/---

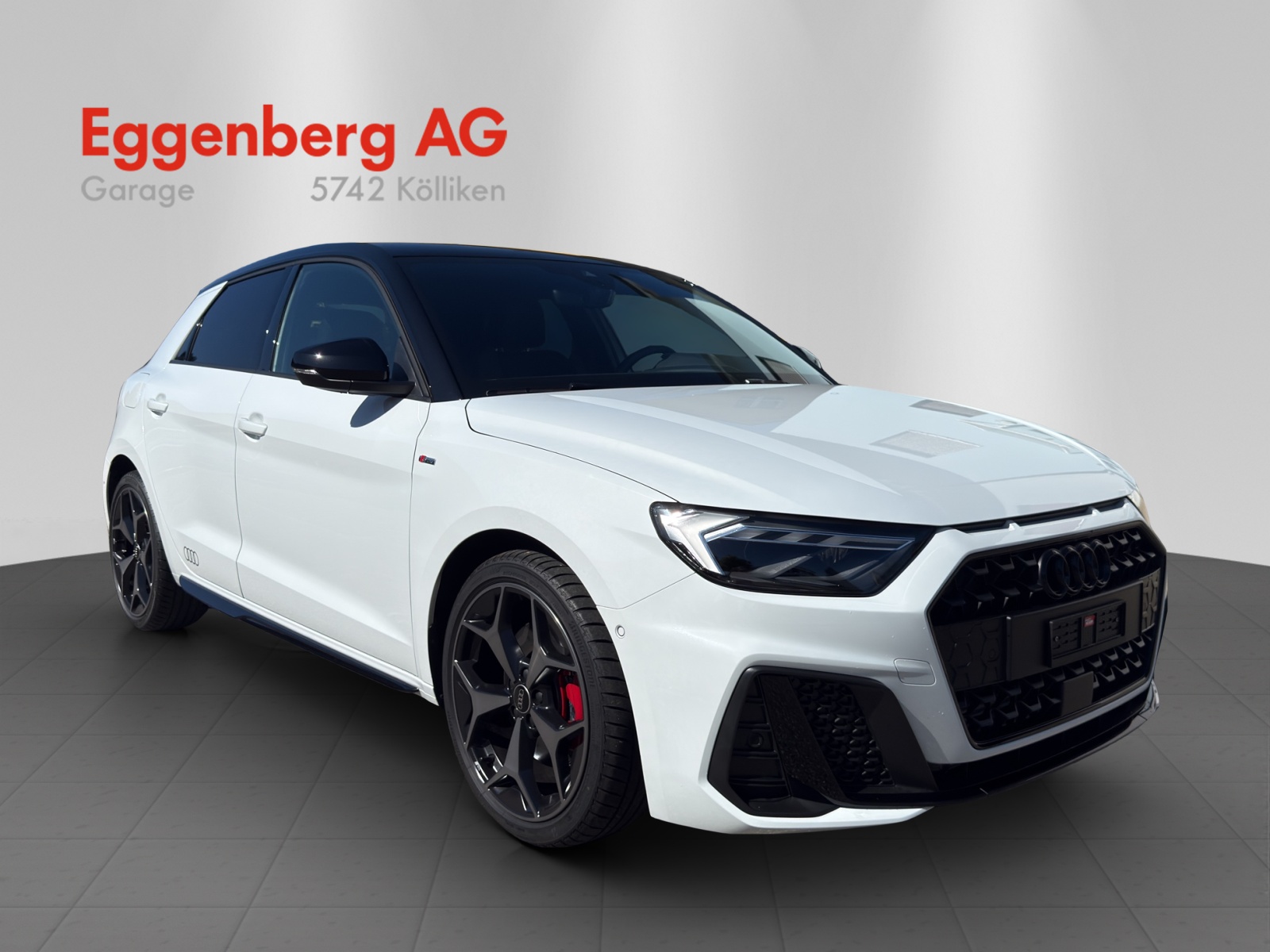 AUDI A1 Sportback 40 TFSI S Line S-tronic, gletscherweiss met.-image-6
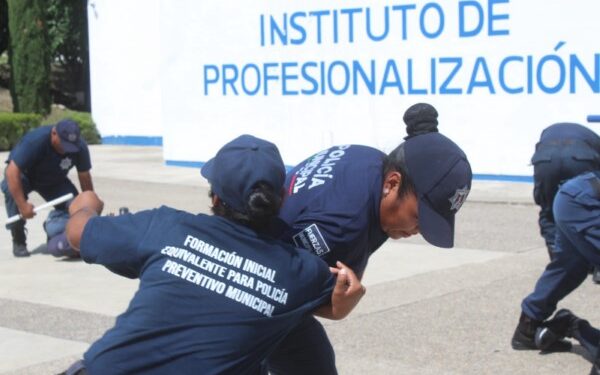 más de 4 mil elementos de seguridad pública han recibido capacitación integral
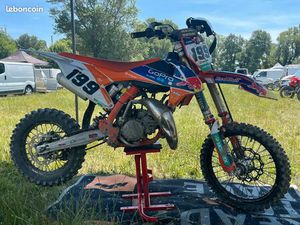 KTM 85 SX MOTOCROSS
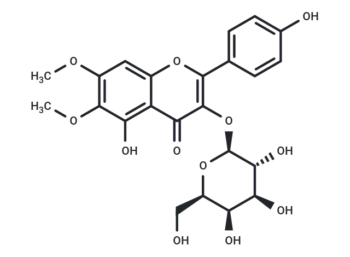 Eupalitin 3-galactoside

\---

▸ **What needs to be done**: Your task is to reproduce exactly the lines from the one with "más de 4 mil" to the end of the material, both included, with the pictures left out.

▸ **Task answer**:
 más de 4 mil elementos de seguridad pública han recibido capacitación integral
 KTM 85 SX MOTOCROSS
 Eupalitin 3-galactoside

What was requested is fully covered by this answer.